In a dramatic shift, the Transport Workers Union of America Local 250-A joined the citywide battle against Muni fare hikes and service cuts. The union, which represents the City’s Muni drivers, agreed to fight alongside a broad coalition of low-income families, environmentalists, seniors, youth, religious and homeless people to stop the Municipal Transportation Authority’s (MTA) current proposal to eliminate lines and raise fares in order to close their current $57 million budget gap.

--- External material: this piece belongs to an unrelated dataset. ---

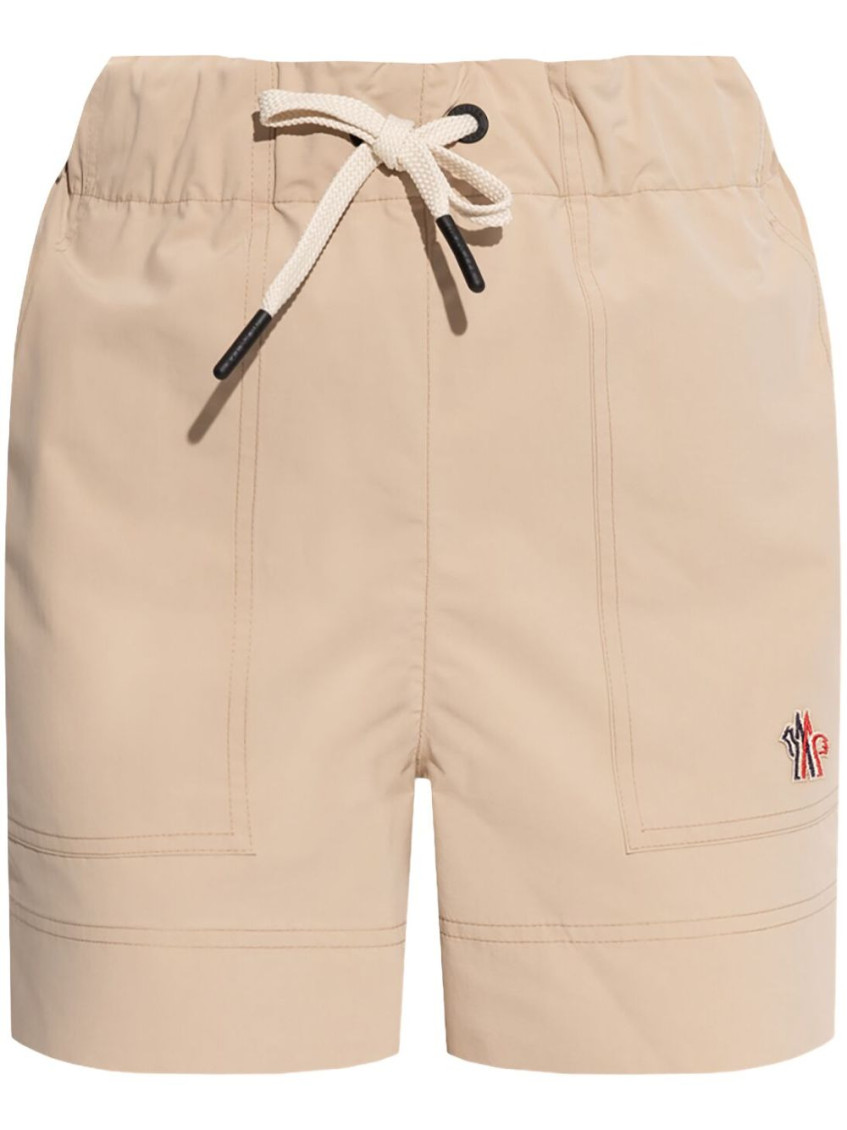 Moncler Grenoble Women Logo Nylon Shorts In Beige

The announcement, to be made today at a 1:30 rally on the steps of City Hall, comes near the end of a long and contentious battle with the MTA over their 2005-06 budget. Despite pleas throughout the process from both riders and drivers to balance their deficit on those most able to afford it, MTA Executive Director Michael Burns has consistently pushed for fee hikes and service cuts. The alliance between Muni riders and drivers represents a joining of forces that will be far more difficult for public officials to ignore.
This alliance was made formal when Local 250-A announced they were joining the Coalition for Transit Justice. This coalition includes more than 25 non-profits and community organizations as well as a growing number of Muni riders who have declared public transportation a human right and who have fought steadfastly against fee hikes and service cuts.

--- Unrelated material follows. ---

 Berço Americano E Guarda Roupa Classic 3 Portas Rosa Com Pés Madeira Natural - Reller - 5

Despite a City Charter mandate to actively seek new sources of revenue, Burns and the MTA has not done so, even after being presented with a variety of possibilities for raising funds. Various options to tax downtown interests in particular have been presented to Burns, but not investigated by the MTA. Instead, Burns provided five budget proposals at a public hearing last week, only one of which Burns deemed “realistic” – a plan that would include service cuts and fare hikes, thus balancing the budget on the backs of the poor.
The MTA will vote on a Burns’ proposals this Monday at 2 p.m. at City Hall. Activists have announced plans to turn out large numbers of Muni riders to protest the fee hikes and service cuts that many believe the MTA will likely push through. Members of the Muni drivers’ union will join protestors in showing public opposition to this budget proposal.
Once the MTA votes on Burns’ budget proposals, the battle will turn to the Board of Supervisors. Several Supes, including Tom Ammiano, Chris Daly and Ross Mirkarimi have voiced opposition to a fare hike. To vote down the budget presented to the Board by the MTA, eight votes would be required. Board President Aaron Peskin, who also opposes fee hikes, believes seven votes already exist against a budget that includes fare hikes.
In related news, Beyond Chron reported last week that a member of Service Employees International Union (SEIU) 790 publicly declared at a recent MTA hearing that 790 supported fare hikes. Since then, we have learned that the individual was not in fact representing SEIU’s position. The union is still considering its stance on fee hikes and service cuts.